Ship systems can be targeted directly by an enemy. Sails can be struck at –3, and weapons and rudders are targeted at –6.



If two ships are in the same hex they are in point-blank range, and can be become engaged. An attacking ship can send boarders on ornithopters, or can try to attach grapnels. Ornithopter pilots must make a single pilot check to reach the opponents’ ship, and succeed on a 3/DX to land cleanly. An attacking ship must be quite close for grapnels to land, and the attacking captain must succeed on a 4d test to come aside. A 17+ on this test is a collision on both ships take 3d for each speed category they are traveling. If the attacker gains two grapnels per size category for a full round, the ships are considered engaged. The two ships are bound together and neither ship can maneuver until the engagement is broken. Rammed ships are automatically engaged.

New IQ10 Talent: Gliding (1)  This is the skill to pilot single-occupant flying machines. Simply flying in an ornithopter requires no check, but complicated maneuvers like landing on a moving ship or aerial combat may require a DX test. A figure without his talent must make 3/DX test each round to make progress gliding, and would fall to the ground in normal gravity.


Tactical Combat Sample

Captain Abella of the sky galley Redolent is patrolling the Scintillance in search of pirates when she comes upon ‘Dark’ Derrick’s sloop Manta Ray with its sails furled. The GM rolls a 2 and two ships are 10 tactical hexes apart. The Redolent is currently moving at 2, while the Manta Ray was at anchor.

Abella chooses to close and Derrick will try to withdraw. Abella (IQ12) wins the contested roll against Derrick, and closes 4 hexes to 6 (their speed of 2+2 for advantage. Abella increases her speed by 2 (with +2 to the check due to the two unused maneuvers) to 4. Derrick lets out his sails and accelerates times to 3. The Manta Ray has extended rudders giving it Handling 3. Neither ship can bring weapons to bear at this range.

Abella wins the second round as well, and closes to 3 hexes. Derrick tries to Evade 3 times and succeeds twice. Abella’s gunners fire two scorpions against their IQ12, with -2 for the evasions and -2 for range (-1 for each hex beyond the first) and +2 for the sloop’s size for a total of -2adjIQ. One hits for 12 damage to the hull. Derrick’s only weapon is a fire projector which is out of range.

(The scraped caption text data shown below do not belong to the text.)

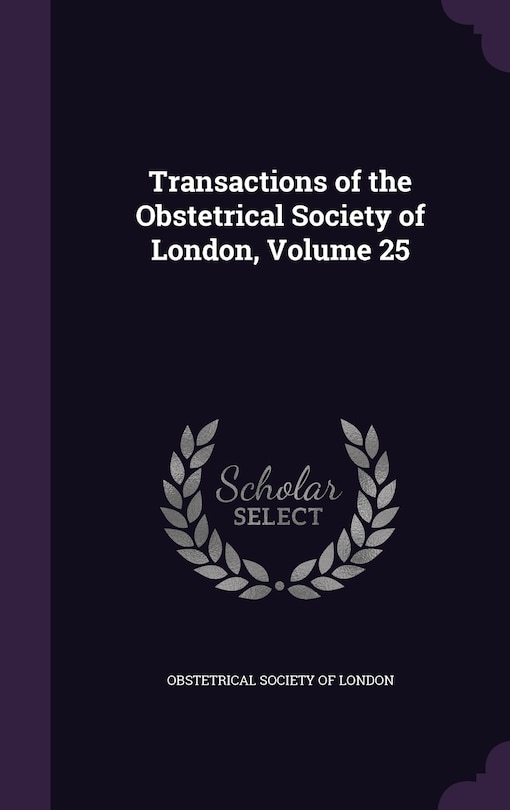 Front cover_Transactions of the Obstetrical Society of London, Volume 25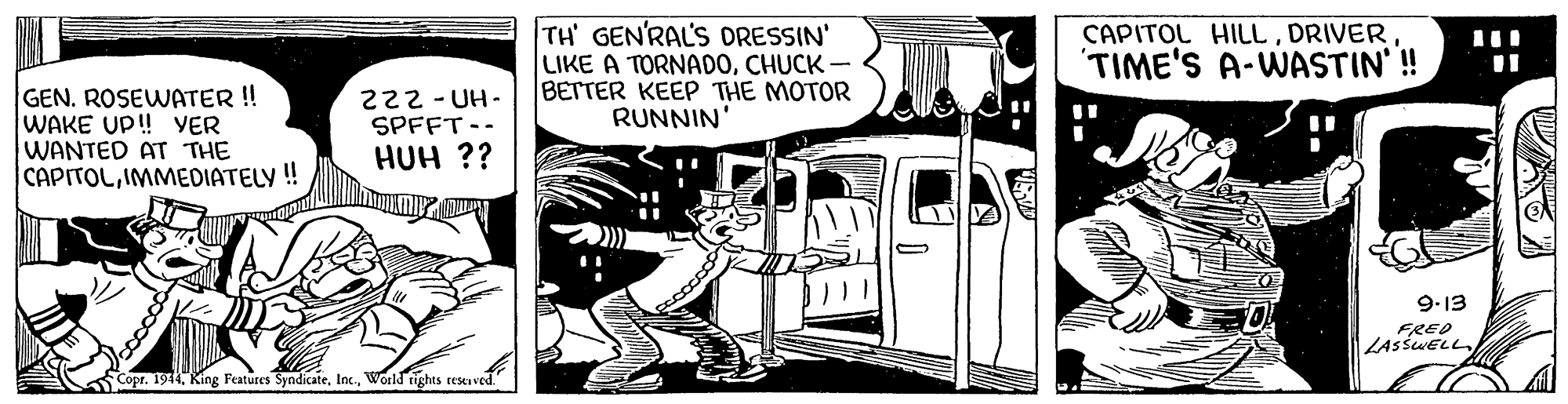 Comic book OCR: TH' GEN'RAL'S ORESSIN' LIKE A TORNADOCHUCK- BETTER KEEP THE MOTOR RUNNIN' CAPITOL HILLDRIVER TIME'S A-WASTIN'! GEN. ROSEWATER !! WAKE UP! YER WANTED AT THE CAPITOLIMMEDIATELY ! 222 - UH- SPFFT-- HUH ?? 9.13 FRED LASSWELL Copr. 1944World tights reserved. TH' GEN'RAL'S ORESSIN' LIKE A TORNADOCHUCK- BETTER KEEP THE MOTOR RUNNIN' CAPITOL HILLDRIVER TIME'S A-WASTIN'! GEN. ROSEWATER !! WAKE UP! YER WANTED AT THE CAPITOLIMMEDIATELY ! 222 - UH- SPFFT-- HUH ?? 9.13 FRED LASSWELL Copr. 1944King Features SyndicateWorld tights reserved.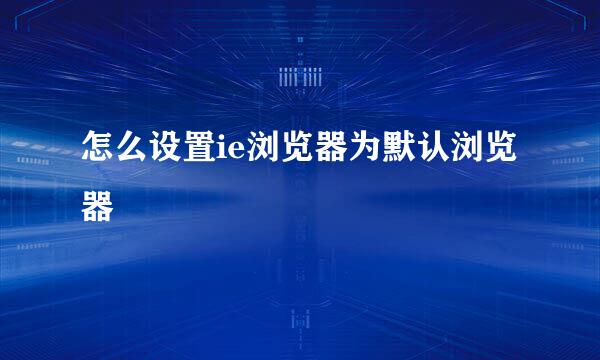 怎么设置ie浏览器为默认浏览器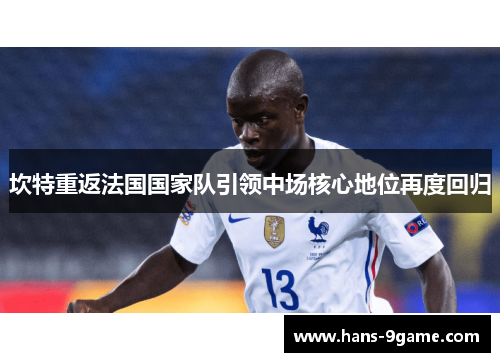 坎特重返法国国家队引领中场核心地位再度回归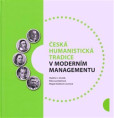 Česká humanistická tradice v moderním managementu Česká humanistická tradice v moderním managementu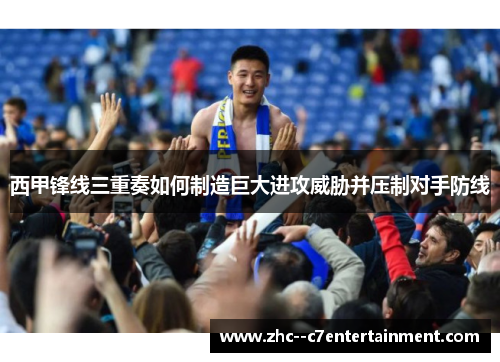 西甲锋线三重奏如何制造巨大进攻威胁并压制对手防线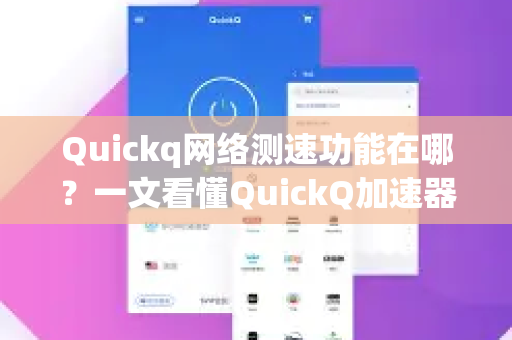 Quickq网络测速功能在哪？一文看懂QuickQ加速器测速与下载全攻略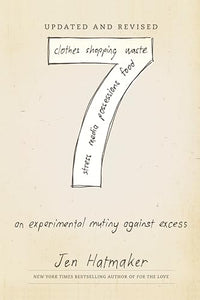 7: An Experimental Mutiny Against Excess (Updated and Revised) 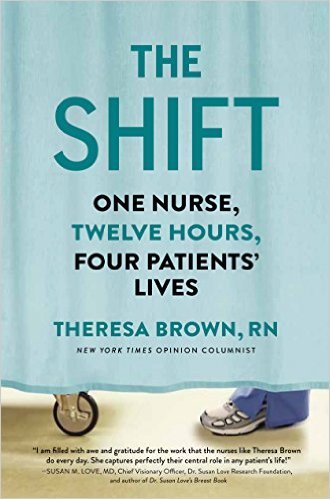The Shift by Theresa Brown
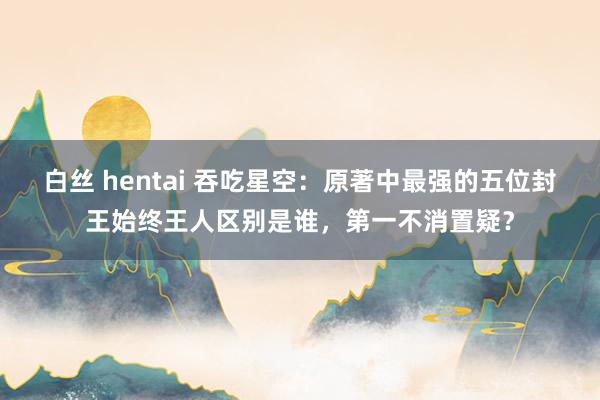 白丝 hentai 吞吃星空：原著中最强的五位封王始终王人区别是谁，第一不消置疑？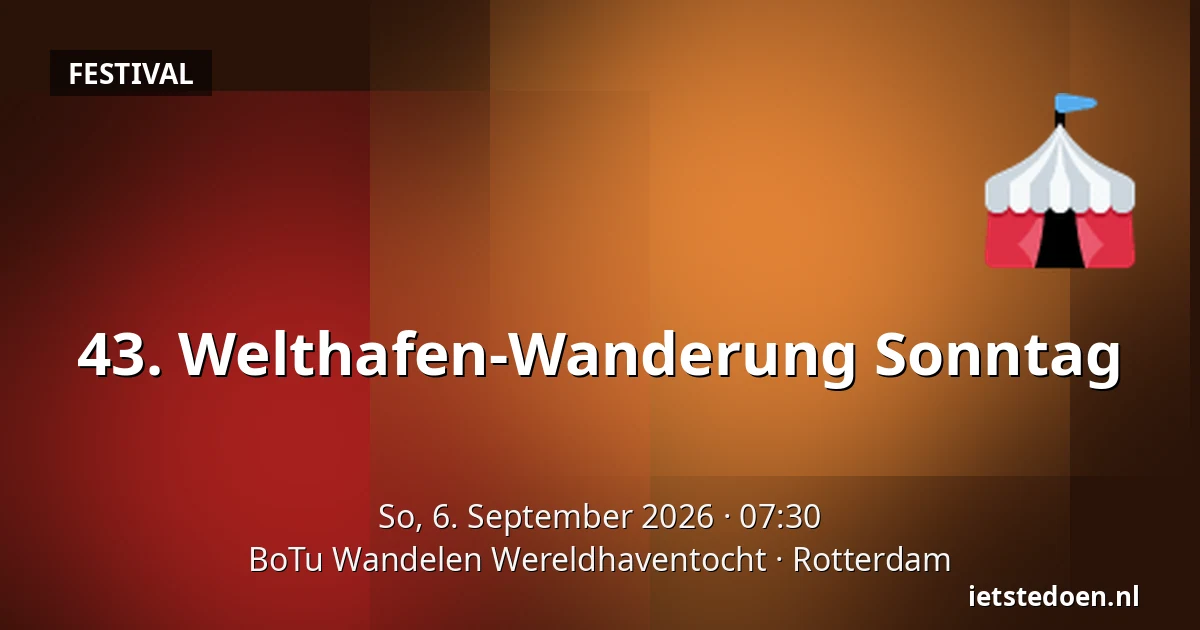 43. Welthafen-Wanderung Sonntag — BoTu Wandelen Wereldhaventocht, Rotterdam
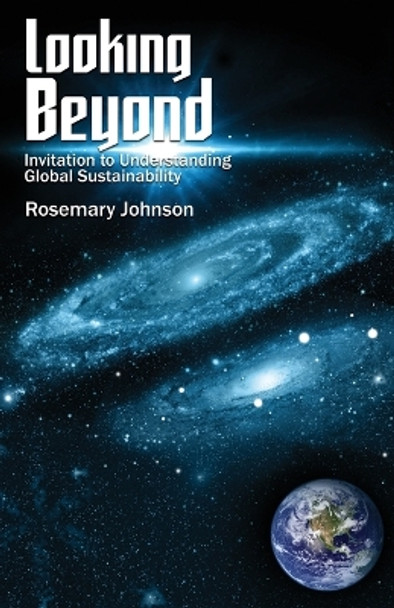 Looking Beyond: Invitation to Understanding Global Sustainability by Rosemary Johnson 9781647023263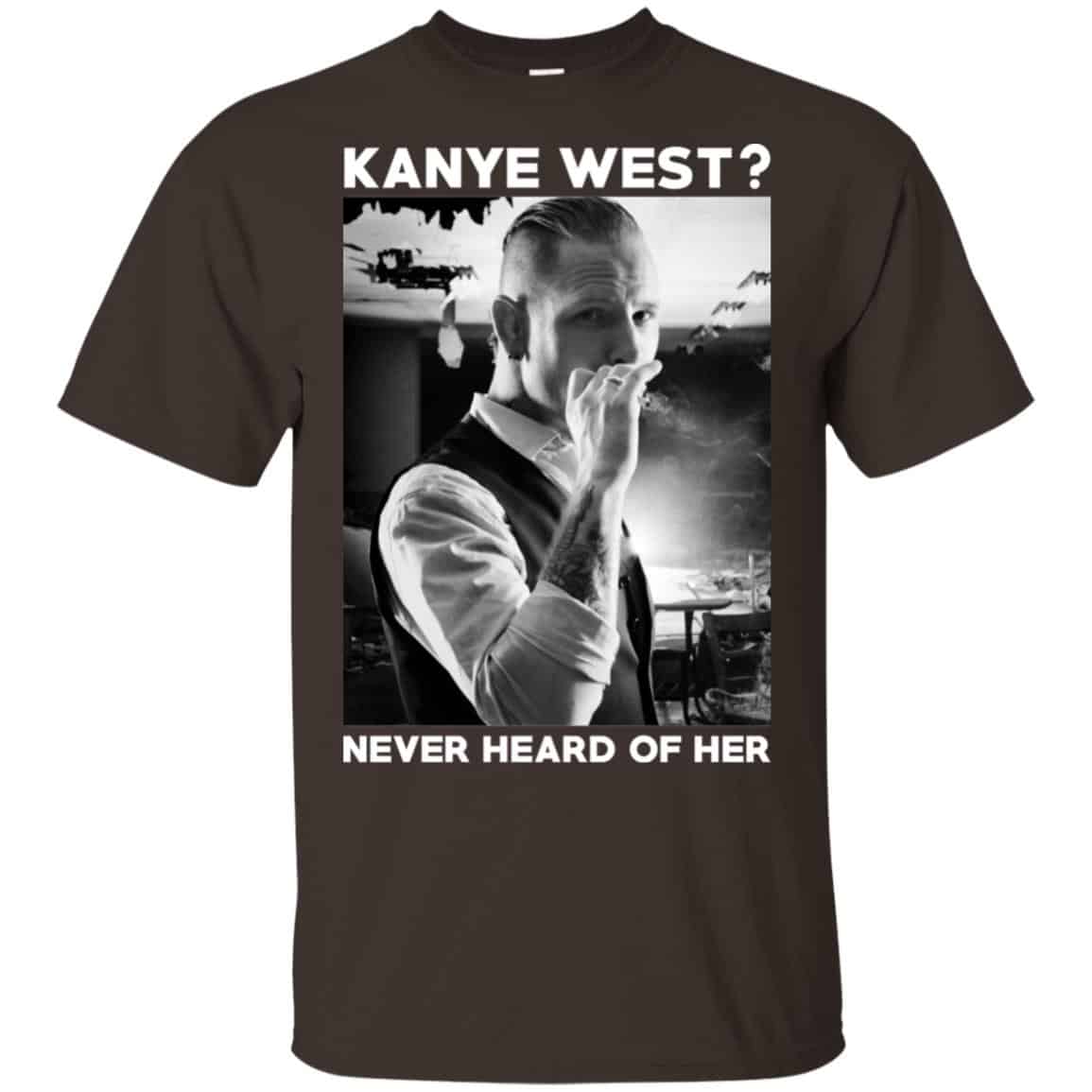 A Day to Remember: Kanye West? Never Heard Of Her – A Day to Remember T-Shirts, Hoodie, Tank
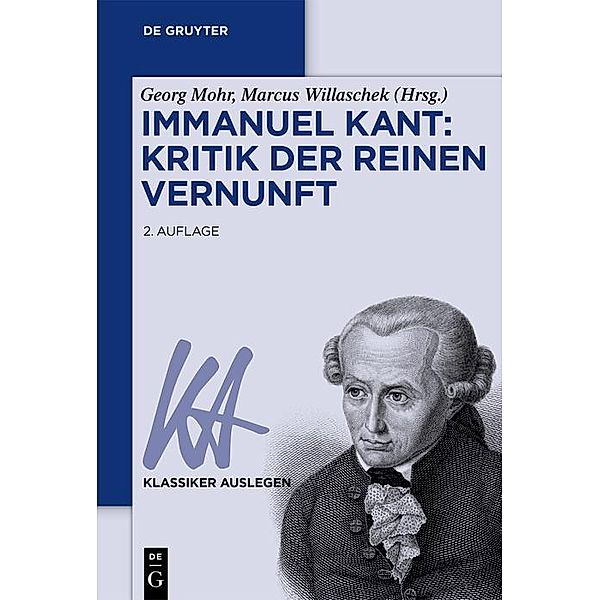 Immanuel Kant: Kritik der reinen Vernunft / Klassiker auslegen Bd.17/18
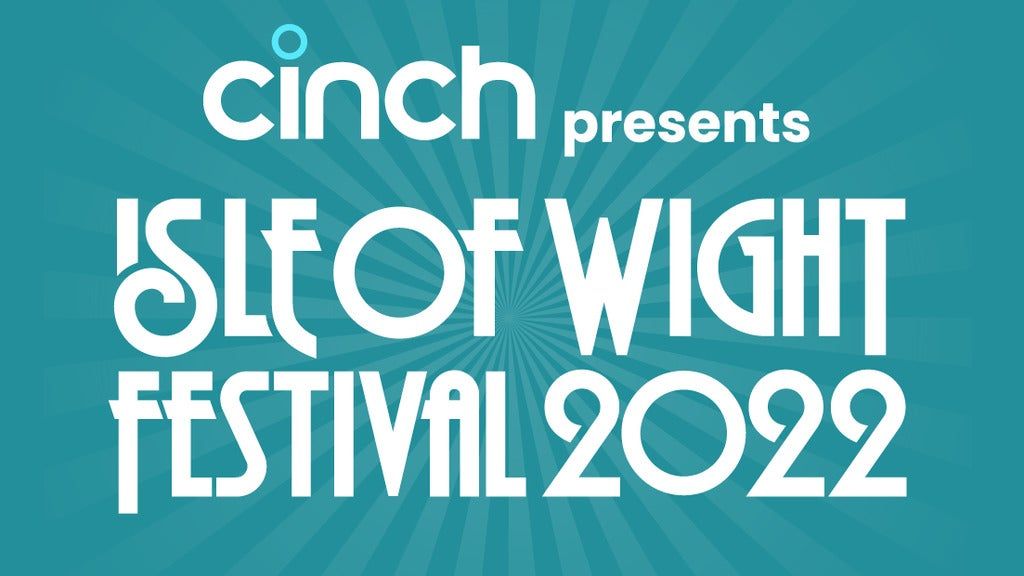 cinch Presents the Isle of Wight 2022 - Weekend Tickets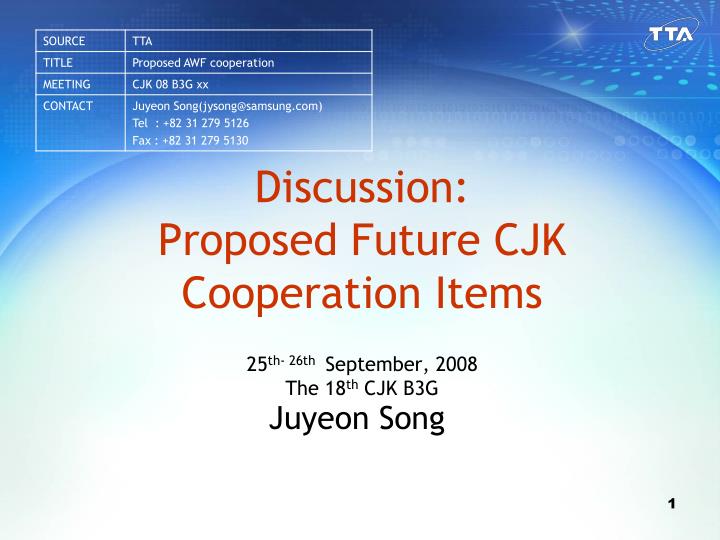 discussion proposed future cjk cooperation items 25 th 26th september 2008 the 18 th cjk b3g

Abella keeps advantage for the third round and closes to 1 hex. Her ship must come about to fire its other two scorpions. Derrick evades twice and rolls to protect his sails. With a 5 and 7, both weapons hit. A lucky 6, followed by a 2 on the hit location chart has the second scorpion strike sails for 17 damage, taking one out and lowering the ship to MA2. The other did 12 more to the hull. Since it rolled, the Manta Ray may not use its weapons.

Derrick wins advantage this round, but since their speed (2) is 2 less than the enemy (4) they are still one hex apart. Derrick successfully accelerates to 3, evades, and rolls again. Abella slows to 3, comes about and fires, but both scorpions miss.

The contested roll is a tie, so there is no advantage. Since the Redolent is moving faster, it closes to engage. Abella tries to position for boarding, but fails the Captain check with a 15. Derrick’s crew unleashes their fire projector, but miss.

Derrick wins advantage and manages get slip away three hexes. They try and fail to roll, but successfully evade. Abella comes about to fire and both scorpions strike home, doing 14 and 11 to hull. Derrick’s fire projector is out of range again.

This round the the advantage goes back to Abella, who closes to 0 again. She drops speed to 2. Her positioning check of 8 is successful and she comes alongside the sloop. Six marines launch grapnels and four land. This is 2 per Size category of the smaller vessel and the two ships are lashed together.

Next round the marines will pour over the deck and the battle for the Manta Ray will get personal.